══ Records provided ══

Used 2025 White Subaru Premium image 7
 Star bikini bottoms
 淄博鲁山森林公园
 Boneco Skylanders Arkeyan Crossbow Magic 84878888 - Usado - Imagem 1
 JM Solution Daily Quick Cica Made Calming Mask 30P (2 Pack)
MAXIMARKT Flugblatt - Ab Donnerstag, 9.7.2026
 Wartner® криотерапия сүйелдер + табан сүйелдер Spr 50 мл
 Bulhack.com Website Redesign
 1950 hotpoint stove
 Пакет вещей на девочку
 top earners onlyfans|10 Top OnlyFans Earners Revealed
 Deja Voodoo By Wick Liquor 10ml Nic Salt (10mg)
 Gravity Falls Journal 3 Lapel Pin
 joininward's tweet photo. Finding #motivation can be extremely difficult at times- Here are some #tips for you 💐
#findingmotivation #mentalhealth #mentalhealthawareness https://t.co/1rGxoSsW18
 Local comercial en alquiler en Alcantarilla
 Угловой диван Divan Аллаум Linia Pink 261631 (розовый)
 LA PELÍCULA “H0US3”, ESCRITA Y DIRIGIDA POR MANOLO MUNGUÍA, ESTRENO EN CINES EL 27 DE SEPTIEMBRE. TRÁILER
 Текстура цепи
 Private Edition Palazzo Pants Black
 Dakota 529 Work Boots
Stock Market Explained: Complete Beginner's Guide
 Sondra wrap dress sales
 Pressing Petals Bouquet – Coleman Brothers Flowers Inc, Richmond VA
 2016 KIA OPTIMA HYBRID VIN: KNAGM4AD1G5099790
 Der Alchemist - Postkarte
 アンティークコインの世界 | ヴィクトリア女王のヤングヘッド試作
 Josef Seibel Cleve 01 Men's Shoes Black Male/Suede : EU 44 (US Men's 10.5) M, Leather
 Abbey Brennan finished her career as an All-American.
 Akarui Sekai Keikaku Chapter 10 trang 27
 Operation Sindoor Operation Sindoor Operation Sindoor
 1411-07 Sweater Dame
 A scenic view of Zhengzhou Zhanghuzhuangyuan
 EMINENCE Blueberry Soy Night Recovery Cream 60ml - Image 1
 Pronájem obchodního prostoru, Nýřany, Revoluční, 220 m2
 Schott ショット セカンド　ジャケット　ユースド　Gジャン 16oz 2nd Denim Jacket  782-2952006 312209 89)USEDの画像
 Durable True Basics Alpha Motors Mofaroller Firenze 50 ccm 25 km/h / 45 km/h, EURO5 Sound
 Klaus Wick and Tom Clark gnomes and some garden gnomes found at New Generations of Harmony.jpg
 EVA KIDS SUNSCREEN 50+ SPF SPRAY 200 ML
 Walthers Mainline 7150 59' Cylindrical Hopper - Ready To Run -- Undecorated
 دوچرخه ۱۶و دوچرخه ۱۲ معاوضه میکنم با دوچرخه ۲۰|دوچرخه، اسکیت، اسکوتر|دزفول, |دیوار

═══

Task description:
Tail of the listing, starting at the line with "DE SEPTIEMBRE. TRÁILER" and ending at the last line: output it exactly and add nothing.

Solved exercise:
 LA PELÍCULA “H0US3”, ESCRITA Y DIRIGIDA POR MANOLO MUNGUÍA, ESTRENO EN CINES EL 27 DE SEPTIEMBRE. TRÁILER
 Текстура цепи
 Private Edition Palazzo Pants Black
 Dakota 529 Work Boots
Stock Market Explained: Complete Beginner's Guide
 Sondra wrap dress sales
 Pressing Petals Bouquet – Coleman Brothers Flowers Inc, Richmond VA
 2016 KIA OPTIMA HYBRID VIN: KNAGM4AD1G5099790
 Der Alchemist - Postkarte
 アンティークコインの世界 | ヴィクトリア女王のヤングヘッド試作
 Josef Seibel Cleve 01 Men's Shoes Black Male/Suede : EU 44 (US Men's 10.5) M, Leather
 Abbey Brennan finished her career as an All-American.
 Akarui Sekai Keikaku Chapter 10 trang 27
 Operation Sindoor Operation Sindoor Operation Sindoor
 1411-07 Sweater Dame
 A scenic view of Zhengzhou Zhanghuzhuangyuan
 EMINENCE Blueberry Soy Night Recovery Cream 60ml - Image 1
 Pronájem obchodního prostoru, Nýřany, Revoluční, 220 m2
 Schott ショット セカンド　ジャケット　ユースド　Gジャン 16oz 2nd Denim Jacket  782-2952006 312209 89)USEDの画像
 Durable True Basics Alpha Motors Mofaroller Firenze 50 ccm 25 km/h / 45 km/h, EURO5 Sound
 Klaus Wick and Tom Clark gnomes and some garden gnomes found at New Generations of Harmony.jpg
 EVA KIDS SUNSCREEN 50+ SPF SPRAY 200 ML
 Walthers Mainline 7150 59' Cylindrical Hopper - Ready To Run -- Undecorated
 دوچرخه ۱۶و دوچرخه ۱۲ معاوضه میکنم با دوچرخه ۲۰|دوچرخه، اسکیت، اسکوتر|دزفول, |دیوار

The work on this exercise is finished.